The two periods following my class today, periods 8 and 9, the last two of the day, are set aside every Monday for a “weekly test,” according to the timetable of the school. I was told that the students write two 40-minute tests and the subjects rotate from week to week. However, I have yet to see any testing actually go on during this 80 minute period. Today was no different as after period 7, the day seemed to be over. The students got their lunches from the cookhouse, ate, and started cleaning the school. The only difference I see in Mondays is that everyone treats it as a day to move things up by 80 minutes and go home earlier!

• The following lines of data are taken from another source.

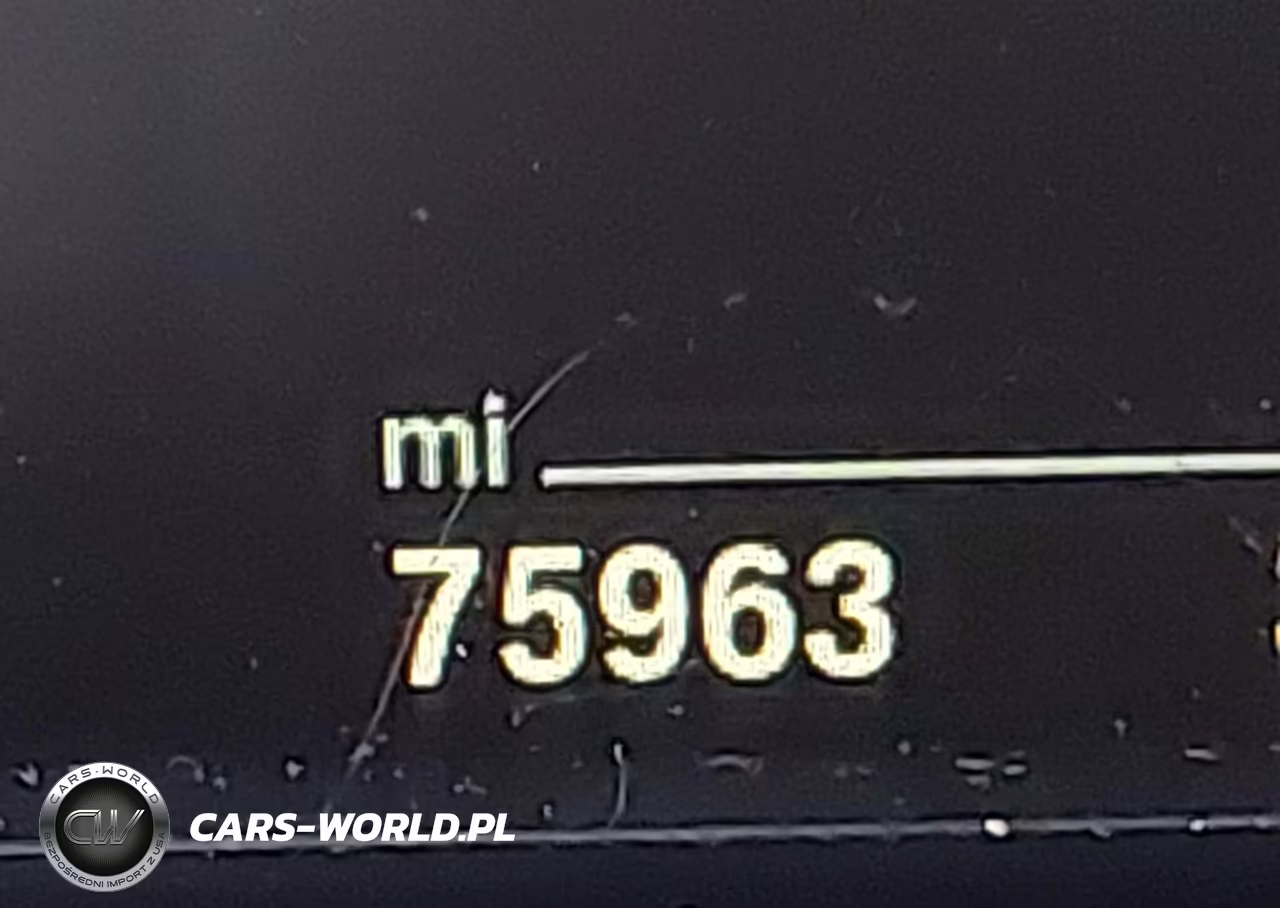 2018 BMW M4 VIN:WBS4Y9C57JAG62929 - 16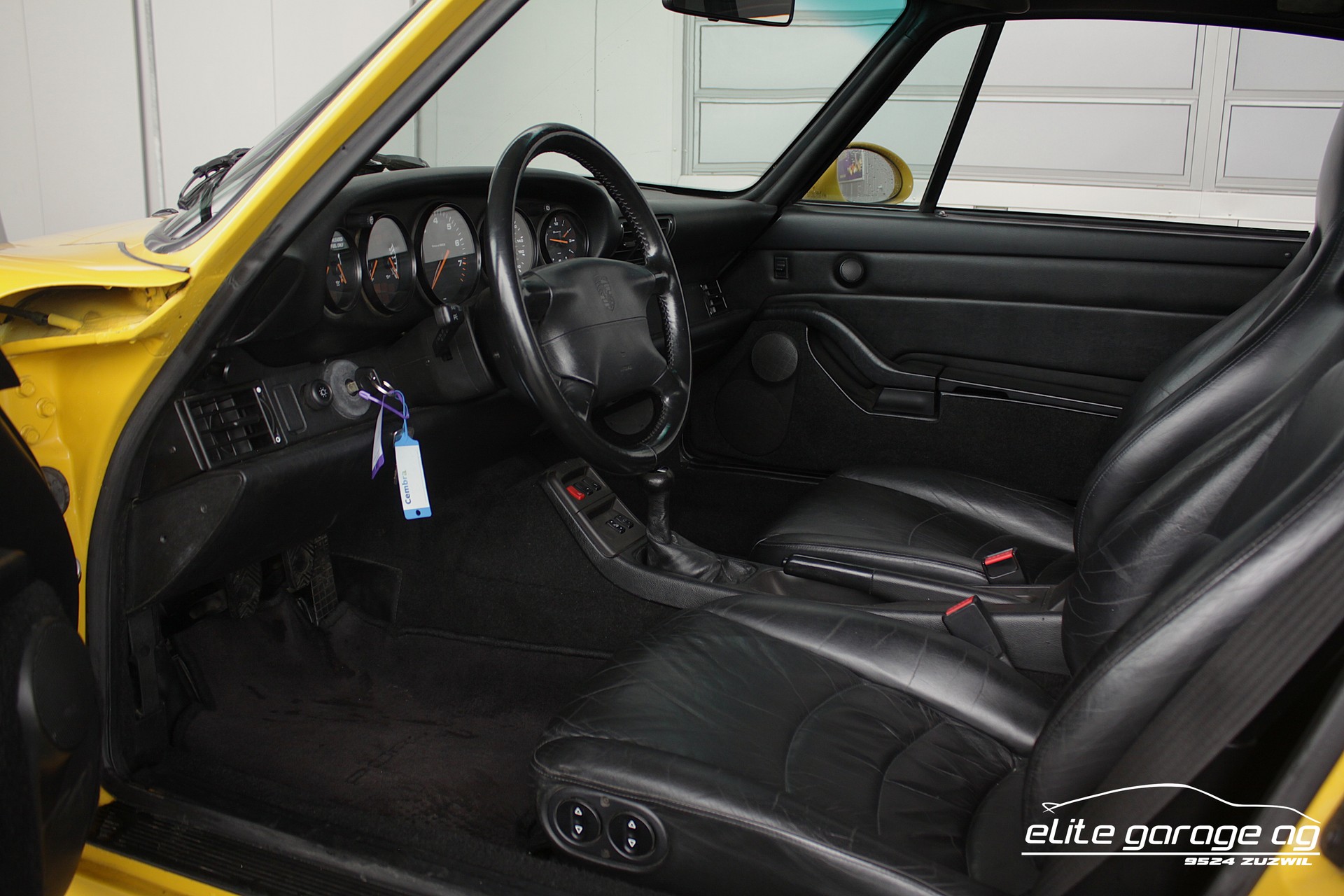 PORSCHE 911 Carrera 2 Coupé HANDSCHALTER-image-12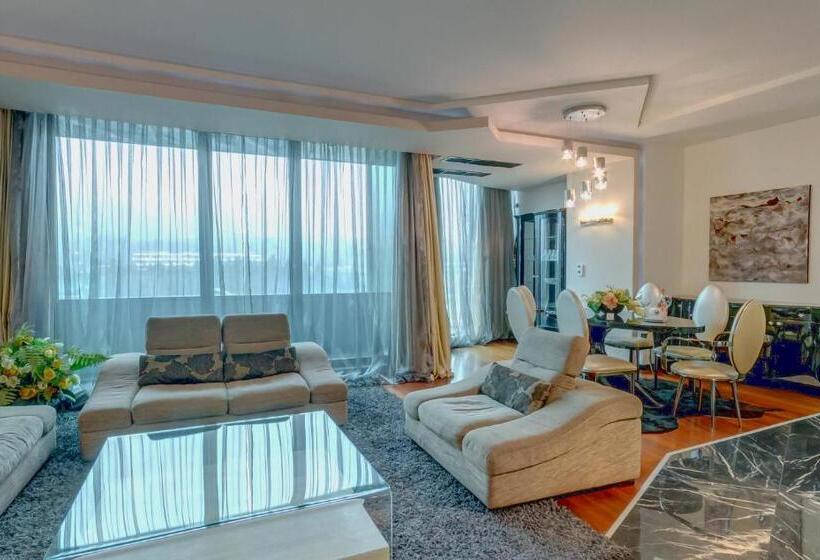 3ベッドルームアパートメント, Emirates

With the headmaster away this afternoon, the teachers all took off before the normal 3:30 quitting time. The away time of the headmaster seems quite ridiculous to me. I never kept track of how much the principal was in school during any of my practicums, but it must have been more than the 15-20% that the headmaster is here this month. It seems every morning at breakfast he says, “I have to go into town today.” In my first week I thought, “Okay, he’s got a lot to do this week,” but now that it’s 4 out of every 5 days that he says this, it’s starting to seem a little ridiculous. What’s more, the “work” he is doing is mostly that of an errand boy: collecting this letter, delivering that letter, buying chalk, etc. To boot, instead of heading from home to town, doing what he has to do, and getting back to school by mid-morning, he travels one hour to school (the opposite direction from town), stays for an hour or 90 minutes, and then heads to town and is gone for the rest of the day. I don’t know whether to chalk it up to the faulty system and its lack of resources or whether it’s a matter of poor administration and time management on the part of the headmaster. Likely it’s both. Still, it’s a bit frustrating, even from an observer’s point of view, because he complains about the teacher’s not being present and doing their jobs, but he seems to make little of the required effort to be present at the school to preside over its smooth running.

As for me, as I mentioned above, term exams begin next week. This was popped on me as a bit of a surprise, especially so because when I discussed my schedule at the school with both the English teachers and the headmaster just three weeks ago, all of them agreed happily to my teaching the Form Is for the first two weeks and the Form IIs for the second two weeks. None of them mentioned that my final teaching week would be taken up with term exams. So instead of teaching, I will be invigilating exams. Unfortunately, it means the Form IIs miss out on a week of my teaching, and they already expressed a little displeasure in the disparity between them and the Form Is. As it is now, I will have just three double periods with each of the Form II classes.

This week’s lessons will really feel the pinch of the lack of resources. The topic in the curriculum is something like “extracting information from the media,” and the curriculum lists television, radio, newspaper and internet as the examples of media to be used. HA! This proves extremely hard to teach when you have no media resources whatsoever. Internet, television and radio are out of the question as the school has none of these resources – not even the electricity to power them! And you can’t ask students to do anything at home because most of them don’t have televisions or radios or even power there either! Even with the newspaper, it’s very difficult to teach concepts and techniques when you can’t even make copies of the same document (or display it in any way) so that everyone is talking about the same thing! I have about 45 students in each class and will have to figure out some way to each information gathering techniques without the benefit of a common example (short of copying an entire newspaper article on to the board!)

Maybe with a flashlight and a pair of glasses from a student I can McGyver some kind of overhead projector?